Prefeito Abelardo Simões: testemunhas de defesa devem ser ouvidas no dias 16 e 23 de outubro (Foto divulgação)

A Comissão Processante (CP) da Câmara de Bariri que apura eventual falta de decoro do prefeito Abelardo Maurício Martins Simões Filho (MDB) marcou para segunda-feira (16) a oitiva de oito das dez testemunhas arroladas pelo chefe do Executivo.
O pedido de instauração da comissão foi aprovado por unanimidade, após ser protocolado por Gilson de Souza Carvalho. O documento é baseado em investigações realizadas pelo Ministério Público (MP) sobre possíveis fraudes em licitação na contratação da empresa Latina Ambiental Ltda. e atentado contra o empresário Fabio Yang no início de junho deste ano.

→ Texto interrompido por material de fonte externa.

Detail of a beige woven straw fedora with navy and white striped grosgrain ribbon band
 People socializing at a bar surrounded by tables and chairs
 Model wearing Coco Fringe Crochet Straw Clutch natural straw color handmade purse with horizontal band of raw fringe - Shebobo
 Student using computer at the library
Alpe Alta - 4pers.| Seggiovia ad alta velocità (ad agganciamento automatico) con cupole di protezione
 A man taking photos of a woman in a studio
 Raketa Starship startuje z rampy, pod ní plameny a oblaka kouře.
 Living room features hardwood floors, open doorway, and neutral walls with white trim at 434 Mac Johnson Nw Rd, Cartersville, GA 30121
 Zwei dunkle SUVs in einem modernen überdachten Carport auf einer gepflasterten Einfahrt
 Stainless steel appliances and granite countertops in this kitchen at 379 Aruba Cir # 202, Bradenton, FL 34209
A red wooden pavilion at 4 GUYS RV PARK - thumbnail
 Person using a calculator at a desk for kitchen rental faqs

A primeira pessoa a ser ouvida é Gilson. Não há obrigatoriedade de que ele responda aos questionamentos, no entanto, a CP considerou prudente convocá-lo, acatando um pedido da defesa.
Em seguida, devem ser ouvidas oito testemunhas, sendo sete servidores públicos e um diretor recentemente exonerado. Na lista encaminhada pela defesa de Abelardo no dia 28 de setembro constam os nomes de Celso Carlos Cavallieri (Setor de Licitações), Claudenir Rodrigues, o Fredy (diretor municipal de Infraestrutura (Barracão), Elder Abel Viana (ex-diretor municipal de Obras), Fernanda Cavalheiro Rossi (diretora de Administração Pública), Lucas Antônio de Campos (motorista), Luis Fernando Foloni (vice-prefeito) e Sincler Aparecido Policarpo (setor de Meio Ambiente).
Marcio Rogério Nascimento também foi arrolado como testemunha. Ele foi exonerado do cargo de diretor de Obras e Meio Ambiente no dia 6 de outubro.
Outras duas pessoas da lista de testemunhas devem ser ouvidas no dia 23 de outubro: Edson Rodrigues dos Santos, o Capetinha (Projeto Meninos do Livra); e Paulo César de Campos, o Paulada (Projeto Arrudão). O prefeito e seu advogado poderão fazer perguntas a Gilson e a todas as testemunhas.
A CP é formada pelos vereadores Julio Cesar Devides (presidente), Edcarlos Pereira dos Santos (relator) e Luis Renato Proti (membro).
Conforme o Decreto-Lei nº 201, de 1967, concluída a instrução será aberta vista do processo ao denunciado para razões escritas no prazo de cinco dias. Em seguida, a CP emitirá parecer final, pela procedência ou improcedência da acusação, e solicitará ao presidente da Câmara a convocação de sessão para julgamento. A expectativa é que isso ocorra na primeira quinzena de novembro.